News Release
FOR IMMEDIATE RELEASE
June 19, 2009
Contact: Special Agent Ramona Sanchez
Number: 602 664-5725

Large Scale Cocaine Trafficker Found Guilty of Drug Trafficking and Money Laundering
30-Year Fugitive Had Ten Fingers Surgically Altered to Evade Capture

- Notice the scarring on the fingertips
- Notice the scarring on the fingertips

JUN 19 -- PHOENIX – William Wallace Keegan, aka Richard Alan King, of Palm Harbor, Florida (and previously of San Diego, California), was found guilty on Wednesday after a 10-day jury trial in federal district court of one count of Conspiracy to Possess With Intent to Distribute Five Kilograms or More of Cocaine, four counts of Possession With Intent To Distribute Five Kilograms or More of Cocaine, and one Count of Conspiracy to Commit Money Laundering.

“Justice was served today with the conviction of William Wallace Keegan as this verdict put an end to a nationwide drug trafficking enterprise that spanned over three decades,” said DEA Special Agent in Charge Elizabeth W. Kempshall.  “This investigation and prosecution exemplifies the commitment and determination of DEA and our partners in law enforcement to ensure that criminals who peddle in these poisons and wreak havoc in our communities will be never escape from facing the consequences of their criminal activities.”        

The evidence presented at trial showed that between November 2005 and January 2008, Keegan and co-conspirators acquired cocaine in Arizona and transported it, primarily via the United States Postal Service, to New York.  Keegan had previously been trafficking marijuana from Arizona and California to New York and elsewhere when he shifted to cocaine in 2005.  During the early part of the conspiracy, Keegan, who used the false identity of Richard King, traveled to Arizona and personally took possession of the cocaine from Arizona sources of supply.  As the conspiracy progressed, Keegan had co-conspirators mail the cocaine to him at various hotels in Long Island, New York.  Keegan was caught by law enforcement through an undercover DEA operation in Hauppauge, New York where he accepted suitcases containing 38 kilograms of sham cocaine.  The conspiracy was responsible for well over 150 kilograms of cocaine with a value of more than $2 million.

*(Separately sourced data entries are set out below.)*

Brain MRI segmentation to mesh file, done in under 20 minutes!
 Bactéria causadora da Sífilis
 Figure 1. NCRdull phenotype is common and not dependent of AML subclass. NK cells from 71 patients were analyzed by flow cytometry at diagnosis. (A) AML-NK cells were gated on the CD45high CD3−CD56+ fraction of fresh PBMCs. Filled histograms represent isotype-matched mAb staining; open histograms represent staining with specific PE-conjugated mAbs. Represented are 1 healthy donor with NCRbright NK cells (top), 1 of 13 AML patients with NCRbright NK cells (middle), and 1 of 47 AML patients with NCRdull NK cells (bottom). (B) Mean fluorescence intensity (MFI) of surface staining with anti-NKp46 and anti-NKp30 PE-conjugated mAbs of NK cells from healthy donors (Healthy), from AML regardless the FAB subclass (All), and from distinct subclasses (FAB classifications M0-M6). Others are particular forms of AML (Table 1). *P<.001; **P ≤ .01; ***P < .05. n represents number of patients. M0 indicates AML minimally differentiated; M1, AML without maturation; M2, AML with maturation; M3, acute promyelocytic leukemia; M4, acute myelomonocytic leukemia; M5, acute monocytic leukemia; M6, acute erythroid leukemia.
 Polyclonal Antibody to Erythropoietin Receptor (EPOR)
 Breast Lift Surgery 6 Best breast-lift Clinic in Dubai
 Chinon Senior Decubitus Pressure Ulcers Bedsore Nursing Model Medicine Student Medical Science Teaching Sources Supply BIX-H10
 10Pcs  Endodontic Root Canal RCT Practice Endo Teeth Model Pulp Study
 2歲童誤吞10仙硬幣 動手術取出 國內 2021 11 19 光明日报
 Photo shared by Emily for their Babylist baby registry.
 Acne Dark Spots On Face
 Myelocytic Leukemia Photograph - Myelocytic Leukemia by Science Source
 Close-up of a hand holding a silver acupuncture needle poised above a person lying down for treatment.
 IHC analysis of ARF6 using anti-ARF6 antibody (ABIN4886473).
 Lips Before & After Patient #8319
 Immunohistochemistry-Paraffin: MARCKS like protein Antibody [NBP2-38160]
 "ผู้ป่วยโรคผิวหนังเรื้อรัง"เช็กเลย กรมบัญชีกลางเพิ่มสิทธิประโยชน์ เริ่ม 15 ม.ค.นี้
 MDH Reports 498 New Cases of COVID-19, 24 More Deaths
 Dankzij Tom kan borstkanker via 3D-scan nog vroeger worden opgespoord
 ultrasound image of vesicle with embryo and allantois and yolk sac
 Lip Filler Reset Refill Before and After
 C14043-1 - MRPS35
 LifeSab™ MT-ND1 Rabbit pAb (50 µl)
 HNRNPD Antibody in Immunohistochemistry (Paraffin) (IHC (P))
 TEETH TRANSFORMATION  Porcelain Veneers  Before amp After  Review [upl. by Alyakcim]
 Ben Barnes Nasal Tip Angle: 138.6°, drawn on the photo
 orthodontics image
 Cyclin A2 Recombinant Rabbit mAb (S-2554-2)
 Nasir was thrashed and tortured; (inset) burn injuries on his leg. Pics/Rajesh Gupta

The money was used in part to promote the illegal drug business, resulting in the money laundering conviction.  The evidence showed that Keegan, in an effort to evade capture, had all 10 fingers surgically altered in the 1990s to obliterate his fingerprints above the first joint.  A DEA forensic fingerprint analyst was able to match the lower joint fingerprints from the arrest under the name of Richard King in January 2008 with a 1977 arrest, confirming his identity as William Wallace Keegan.                

“The defendant did everything he could to hide his identity and to hide his drug trafficking from the law,” stated Diane J. Humetewa, U.S. Attorney for the District of Arizona.  “With this conviction, he can no longer hide and a long time drug dealer is off the streets.  This successful conclusion demonstrates the dogged commitment and excellent coordination of federal, state and local law enforcement agencies to see justice served no matter how long it takes.”

Sentencing for Keegan is set before Judge Susan R. Bolton on September 14, 2009. Convictions for Conspiracy to Possess With Intent to Distribute Five Kilograms or More of Cocaine, and Possession With Intent To Distribute Five Kilograms or More of Cocaine, each carries a mandatory minimum sentence of 10 years, to a maximum penalty of life, in prison, up to a $4,000,000 fine or both. A conviction for Conspiracy to Commit Money Laundering provides for a maximum sentence of 20 years in prison, up to a $500,000 fine, or both.  In determining an actual sentence, Judge Bolton will consult the U.S. Sentencing Guidelines, which provide appropriate sentencing ranges.  The judge, however, is not bound by those guidelines in determining a sentence.

The investigation in this case was conducted by the Drug Enforcement Administration in Phoenix, Long Island, New York, the Arizona Department of Public Safety and the Chandler Police Department. The prosecution is being handled by James B. Morse Jr. and Brian G. Larson, Assistant U.S. Attorneys, District of Arizona, Phoenix.